A lightweight adaptive feature-domain defogging dynamic convolutional network for object detection in foggy conditions
摘要
Rapid and accurate Advanced Driver Assistance Systems (ADAS) Object Detection in foggy environments is crucial for autonomous driving tasks. Existing methods typically enhance images before detection, which compromises real-time performance. Popular detectors also rely on stacks of static convolutions for feature extraction and fusion, making it hard to capture details in fog-degraded images and reducing accuracy. We therefore propose a lightweight Adaptive Feature-domain Defogging Dynamic Convolutional Network (AFD-YOLO) for object detection in foggy scenes. AFD-YOLO integrates a flexible convolutional architecture and dynamic scale selection throughout training, while adopting lightweight designs across the backbone, the Feature Pyramid Network, and the detection head. First, a Context-Guided Downsampling (CGD) module suppresses haze-induced scattering and restores discriminative details in the feature domain, thereby replacing complexity-increasing preprocessing steps. Second, to alleviate texture diffusion, a Cross Stage Partial Parallel Groupwise Multi-scale Convolution (CSP-ParGMC) module uses parallel multi-scale hybrid convolutions to adaptively aggregate cross-scale information from shallow layers.

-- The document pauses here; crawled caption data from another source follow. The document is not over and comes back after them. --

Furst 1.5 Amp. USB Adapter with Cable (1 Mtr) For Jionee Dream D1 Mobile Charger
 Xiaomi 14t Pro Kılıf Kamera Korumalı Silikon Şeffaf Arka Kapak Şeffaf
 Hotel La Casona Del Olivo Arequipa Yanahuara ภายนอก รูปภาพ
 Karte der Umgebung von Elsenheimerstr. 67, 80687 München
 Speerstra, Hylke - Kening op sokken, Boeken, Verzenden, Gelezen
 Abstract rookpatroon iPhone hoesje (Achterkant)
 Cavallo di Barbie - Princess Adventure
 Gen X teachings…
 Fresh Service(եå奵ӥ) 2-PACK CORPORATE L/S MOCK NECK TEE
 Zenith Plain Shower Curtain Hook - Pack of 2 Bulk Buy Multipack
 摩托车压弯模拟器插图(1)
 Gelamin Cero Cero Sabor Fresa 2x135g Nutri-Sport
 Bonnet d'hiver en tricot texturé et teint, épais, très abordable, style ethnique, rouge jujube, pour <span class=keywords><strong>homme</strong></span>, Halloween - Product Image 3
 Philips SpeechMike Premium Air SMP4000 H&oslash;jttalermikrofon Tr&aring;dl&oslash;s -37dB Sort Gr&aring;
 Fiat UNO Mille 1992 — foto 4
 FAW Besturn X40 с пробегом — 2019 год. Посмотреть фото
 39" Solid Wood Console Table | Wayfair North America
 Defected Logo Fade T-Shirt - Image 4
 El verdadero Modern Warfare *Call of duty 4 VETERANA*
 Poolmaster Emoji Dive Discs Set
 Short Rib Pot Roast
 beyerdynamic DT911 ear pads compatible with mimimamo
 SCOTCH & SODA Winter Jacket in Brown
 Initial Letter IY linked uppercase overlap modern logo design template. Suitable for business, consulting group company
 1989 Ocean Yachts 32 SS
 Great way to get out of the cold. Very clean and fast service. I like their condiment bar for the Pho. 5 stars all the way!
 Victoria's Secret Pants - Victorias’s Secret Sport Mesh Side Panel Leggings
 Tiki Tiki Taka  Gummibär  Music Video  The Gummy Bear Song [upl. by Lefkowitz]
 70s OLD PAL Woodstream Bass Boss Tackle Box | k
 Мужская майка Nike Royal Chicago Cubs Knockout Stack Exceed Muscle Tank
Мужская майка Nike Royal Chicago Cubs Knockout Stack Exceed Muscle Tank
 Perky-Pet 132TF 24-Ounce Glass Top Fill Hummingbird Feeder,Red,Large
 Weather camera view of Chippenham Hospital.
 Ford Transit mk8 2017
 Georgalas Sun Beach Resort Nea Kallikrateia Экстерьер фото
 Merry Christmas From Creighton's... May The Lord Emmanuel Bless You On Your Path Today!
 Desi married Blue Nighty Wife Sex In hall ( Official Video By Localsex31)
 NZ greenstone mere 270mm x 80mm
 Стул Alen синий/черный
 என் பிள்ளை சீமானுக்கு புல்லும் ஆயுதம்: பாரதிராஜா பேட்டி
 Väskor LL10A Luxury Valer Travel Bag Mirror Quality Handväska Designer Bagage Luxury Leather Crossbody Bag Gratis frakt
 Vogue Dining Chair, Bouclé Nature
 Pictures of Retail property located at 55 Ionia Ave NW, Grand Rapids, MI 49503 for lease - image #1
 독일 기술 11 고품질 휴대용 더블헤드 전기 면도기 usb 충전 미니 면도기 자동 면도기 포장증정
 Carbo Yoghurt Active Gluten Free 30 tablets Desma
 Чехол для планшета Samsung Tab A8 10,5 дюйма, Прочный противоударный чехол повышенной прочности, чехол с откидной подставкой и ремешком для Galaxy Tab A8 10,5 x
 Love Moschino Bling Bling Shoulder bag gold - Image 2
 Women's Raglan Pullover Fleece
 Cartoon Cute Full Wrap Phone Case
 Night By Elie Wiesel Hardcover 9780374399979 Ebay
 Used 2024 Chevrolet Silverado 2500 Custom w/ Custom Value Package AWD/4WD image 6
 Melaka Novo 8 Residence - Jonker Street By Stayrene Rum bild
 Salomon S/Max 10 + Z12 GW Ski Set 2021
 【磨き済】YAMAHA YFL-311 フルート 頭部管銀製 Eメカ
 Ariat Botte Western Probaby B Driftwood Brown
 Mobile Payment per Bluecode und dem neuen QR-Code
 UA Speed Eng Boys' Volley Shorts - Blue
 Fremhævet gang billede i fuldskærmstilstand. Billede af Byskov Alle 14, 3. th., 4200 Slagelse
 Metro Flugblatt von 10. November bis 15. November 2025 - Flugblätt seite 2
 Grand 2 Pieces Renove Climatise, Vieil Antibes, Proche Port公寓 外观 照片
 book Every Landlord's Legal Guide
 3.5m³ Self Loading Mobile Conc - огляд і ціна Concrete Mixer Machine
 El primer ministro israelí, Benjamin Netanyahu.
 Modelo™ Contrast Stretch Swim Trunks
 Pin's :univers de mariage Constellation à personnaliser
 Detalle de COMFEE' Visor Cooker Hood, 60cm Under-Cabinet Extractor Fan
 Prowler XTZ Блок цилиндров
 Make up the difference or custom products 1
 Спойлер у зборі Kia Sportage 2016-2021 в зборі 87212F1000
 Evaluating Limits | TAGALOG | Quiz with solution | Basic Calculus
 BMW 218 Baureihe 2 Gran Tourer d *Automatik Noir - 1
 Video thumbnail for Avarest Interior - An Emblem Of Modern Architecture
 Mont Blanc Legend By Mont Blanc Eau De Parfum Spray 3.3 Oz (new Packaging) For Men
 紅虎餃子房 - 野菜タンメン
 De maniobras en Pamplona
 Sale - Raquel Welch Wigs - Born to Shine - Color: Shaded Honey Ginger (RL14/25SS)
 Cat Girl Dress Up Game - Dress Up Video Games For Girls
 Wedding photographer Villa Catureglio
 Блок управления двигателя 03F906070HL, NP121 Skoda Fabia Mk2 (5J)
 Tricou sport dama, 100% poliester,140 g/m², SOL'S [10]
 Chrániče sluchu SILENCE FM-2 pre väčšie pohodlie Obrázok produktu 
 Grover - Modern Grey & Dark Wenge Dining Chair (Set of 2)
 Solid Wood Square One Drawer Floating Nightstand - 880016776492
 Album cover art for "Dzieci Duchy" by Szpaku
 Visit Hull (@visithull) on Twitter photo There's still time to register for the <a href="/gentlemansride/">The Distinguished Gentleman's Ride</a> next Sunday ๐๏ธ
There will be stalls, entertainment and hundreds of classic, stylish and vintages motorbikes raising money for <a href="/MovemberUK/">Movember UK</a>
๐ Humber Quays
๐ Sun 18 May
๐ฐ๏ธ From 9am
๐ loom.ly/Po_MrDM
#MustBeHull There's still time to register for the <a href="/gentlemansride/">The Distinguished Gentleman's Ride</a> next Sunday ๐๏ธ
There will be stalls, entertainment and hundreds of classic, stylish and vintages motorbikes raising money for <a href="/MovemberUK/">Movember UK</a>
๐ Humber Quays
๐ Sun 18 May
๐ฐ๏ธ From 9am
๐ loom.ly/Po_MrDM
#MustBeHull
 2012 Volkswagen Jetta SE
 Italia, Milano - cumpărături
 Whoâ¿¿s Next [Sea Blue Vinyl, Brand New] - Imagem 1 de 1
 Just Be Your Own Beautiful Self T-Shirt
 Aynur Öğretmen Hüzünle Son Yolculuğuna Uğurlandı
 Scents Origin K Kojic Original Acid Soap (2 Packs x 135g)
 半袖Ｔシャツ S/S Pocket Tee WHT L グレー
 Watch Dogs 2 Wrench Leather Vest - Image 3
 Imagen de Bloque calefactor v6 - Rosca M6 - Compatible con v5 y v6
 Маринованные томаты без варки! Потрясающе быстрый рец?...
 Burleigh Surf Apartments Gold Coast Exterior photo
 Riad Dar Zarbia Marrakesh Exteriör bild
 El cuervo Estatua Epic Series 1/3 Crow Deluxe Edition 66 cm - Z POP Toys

To address attenuation of structural orientation, AFD-YOLO introduces a Cross Stage Partial Dynamic Kernel Mixture Bottleneck that employs hierarchical kernel configurations and Dynamic Kernel Convolution (DKConv2d) for Scale and Orientation Selection; together with an Efficient Bidirectional Lightweight Feature Pyramid Network (EBLFPN), the flexible architecture transmits diverse gradients to the detection head with lower computation. Finally, experiments on synthetic and real-world foggy datasets demonstrate the effectiveness and efficiency of AFD-YOLO for real-time deployment. On the RTTS dataset, AFD-YOLO reduces parameters by 36% while improving mAP@0.5 by 3.08%.